Ils le savaient, mais ils n’ont rien fait. C’est en gros ce qu’expliquent les auteurs d’une enquête sur les airbags Takata défectueux ; ils révèlent que les premières alertes remontent à l’an 2000. Depuis, en France, cet équipement a tué au moins 15 fois ; tous les autres pays du monde sont touchés. Et les rappels massifs de véhicules, pour remplacer des coussins dangereux, en sont parfois à leurs balbutiements, laissant les automobilistes démunis.
La dangerosité des Airbags de la marque japonaise Takata et les drames déjà survenus liés à ces équipements font l’actualité depuis plusieurs mois, notamment en Guadeloupe.

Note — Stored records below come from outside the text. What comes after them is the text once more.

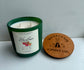 Heirloom summer candle by Montclair Candle Co., tomato leaf and fresh herb scent in olive coconut wax blend, 11 oz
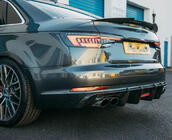 Audi A5 2016–2025 Takapuskurin diffuusori V1 (S-Line 2016-2020, hiilikuitu) kuva 9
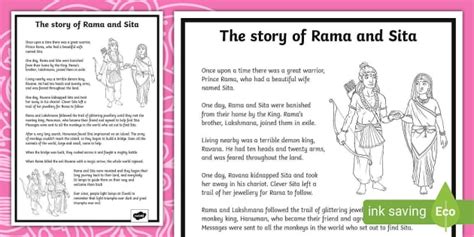 The Story of Rama and Sita - Printable Resources - Twinkl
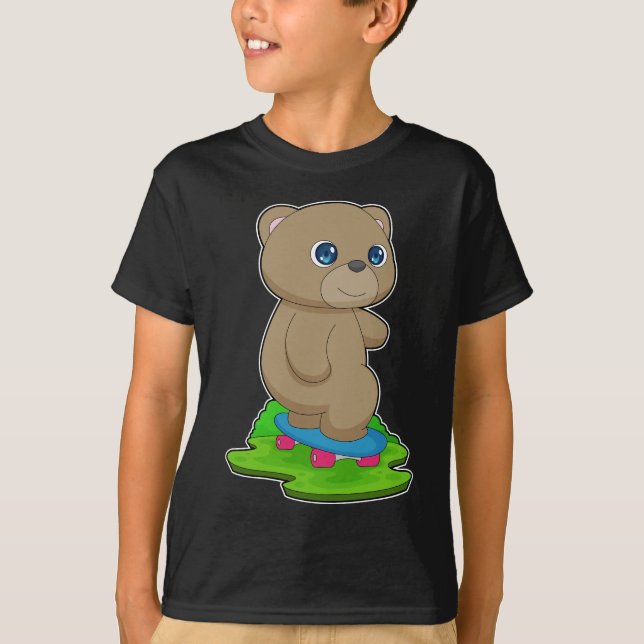 Bear Skater Skateboard T-Shirt (Front)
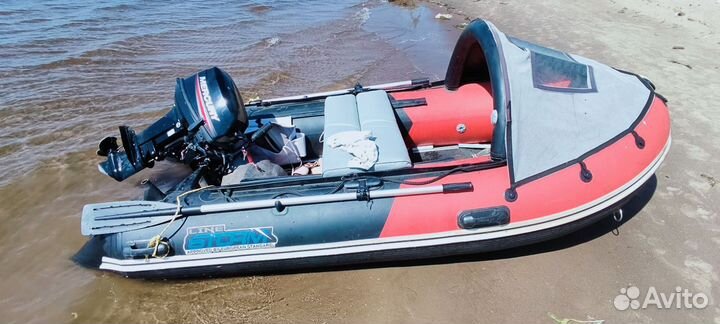 Лодка пвх Stormline Adventure extra с мотором 15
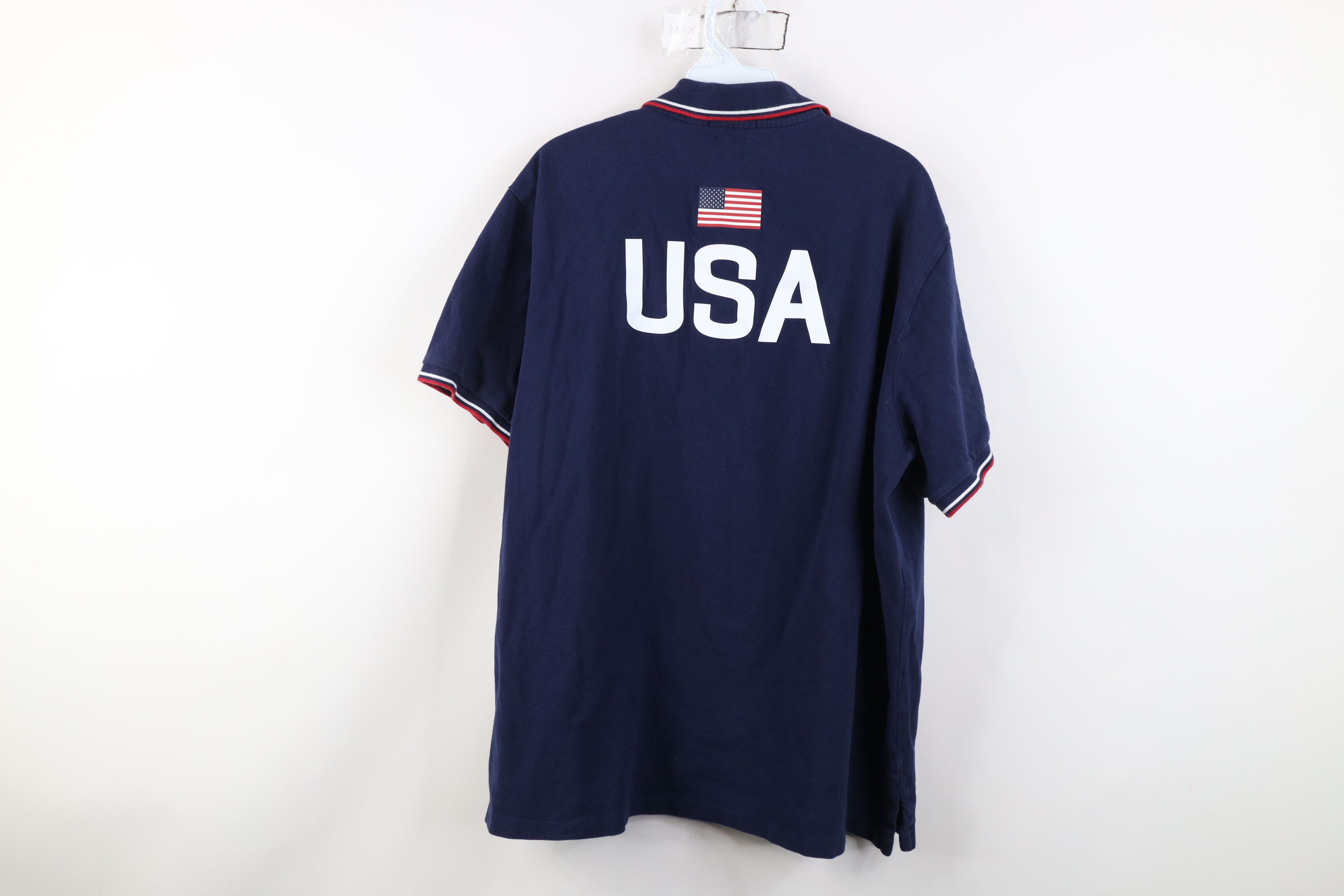 Ralph Lauren Ralph Lauren Distressed 2016 Olympics Rio Brazil Polo Shirt Size US XXL / EU 58 / 5 - 13 Thumbnail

On sait que ces coussins, censés protéger les personnes dans l’habitacle des voitures, peuvent se déclencher de manière inopinée et, donc, projeter des éclats de métal, comme des balles d’arme à feu. Ils peuvent donc tuer, voire blesser gravement.
15 décès ont été recensés en France, dont 14 outre-mer et 7 dans l’archipel, sans compter les dizaines d’automobilistes touchés plus ou moins gravement. Aux Etats-Unis, les derniers chiffres font état de 28 morts et des centaines de blessés.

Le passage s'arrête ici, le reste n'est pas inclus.